DIRECTIONS:
Restate word for word only the lines from the one with "Funny Skeletons Sarcastic" through the end of the records; no pictures belong in the copy.

Saved entries
....

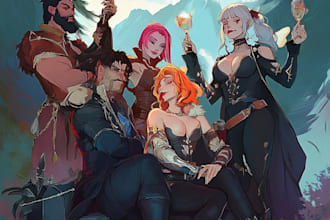 make your dnd character or party art
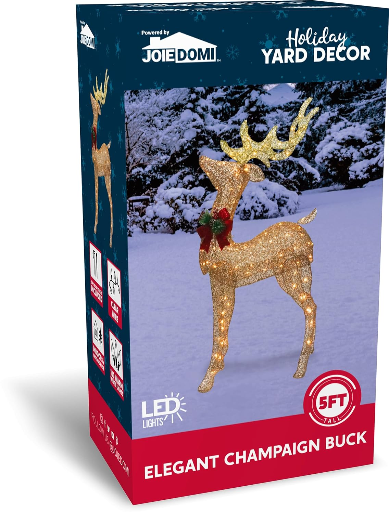 5' Golden LED Reindeer (via TDD App)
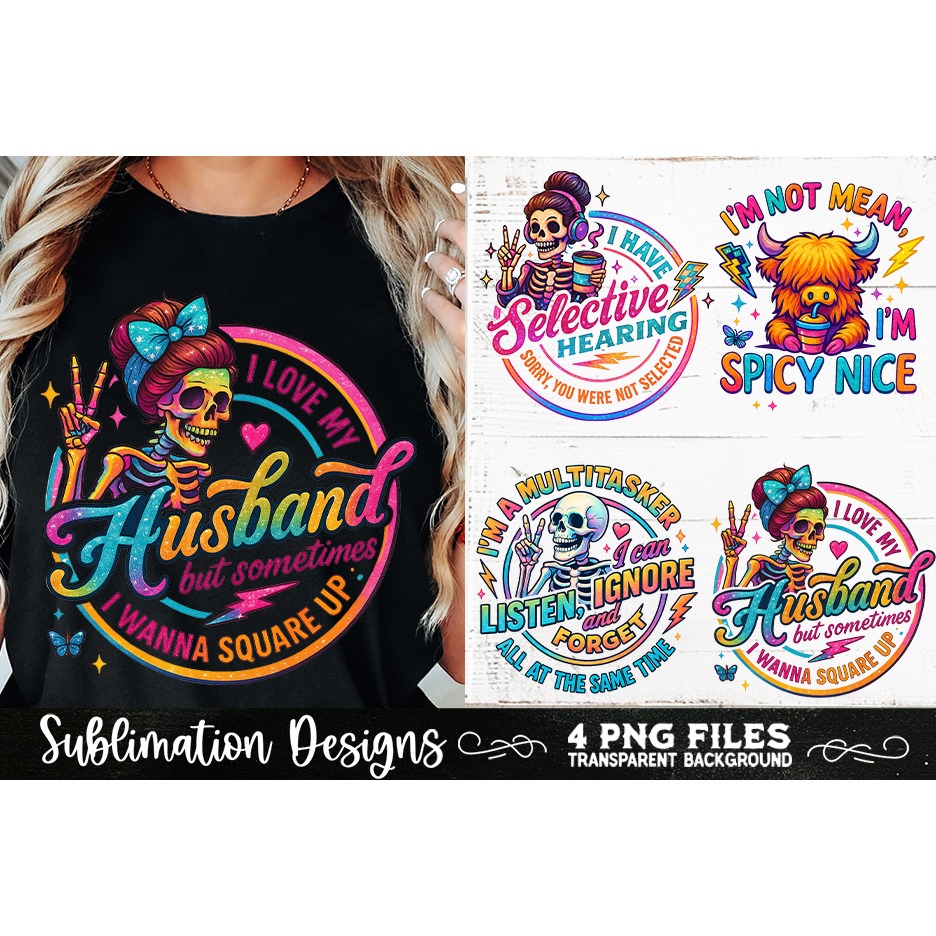 Funny Skeletons Sarcastic Adult humor Retro PNG Sublimation (3) 7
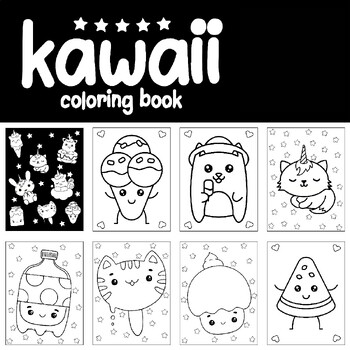 Kawaii coloring pages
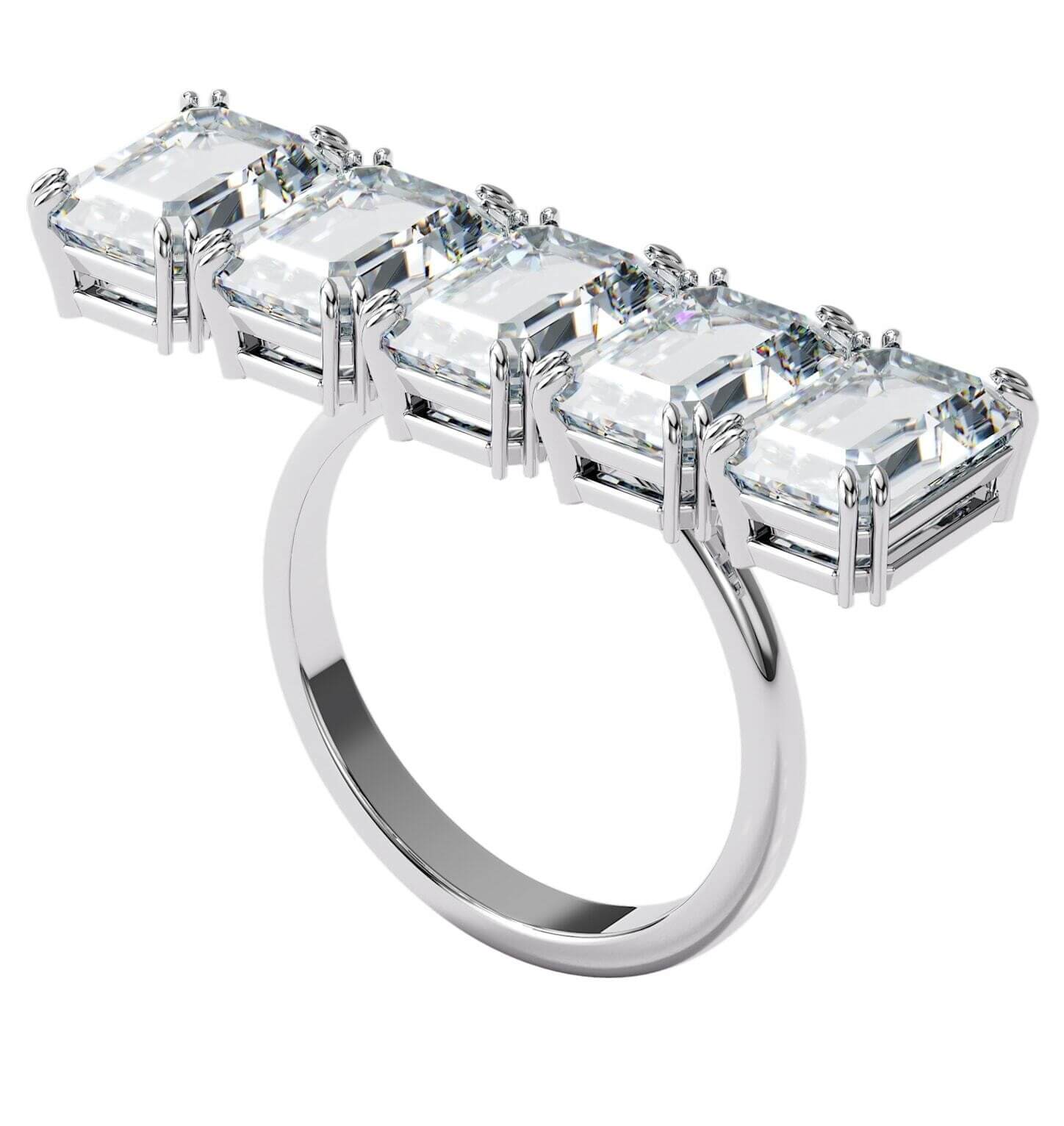 Swarovski Masívny trblietavý prsteň s kryštálmi Millenia 5610730 52 mm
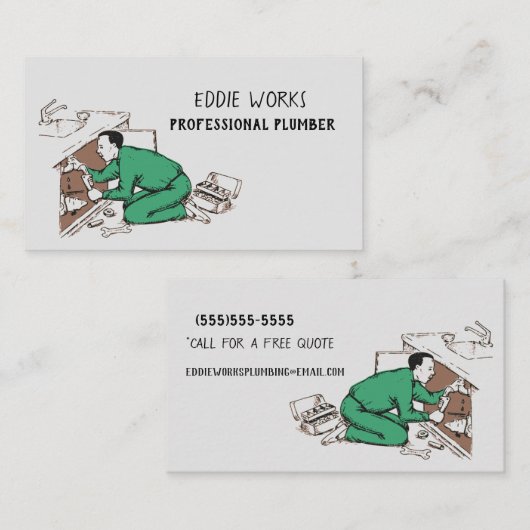 Berufliche Plattenarbeitsplatz Cool Visitenkarte (Vorne/Hinten)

....

RESULT:
 Funny Skeletons Sarcastic Adult humor Retro PNG Sublimation (3) 7
 Kawaii coloring pages
 Swarovski Masívny trblietavý prsteň s kryštálmi Millenia 5610730 52 mm
 Berufliche Plattenarbeitsplatz Cool Visitenkarte (Vorne/Hinten)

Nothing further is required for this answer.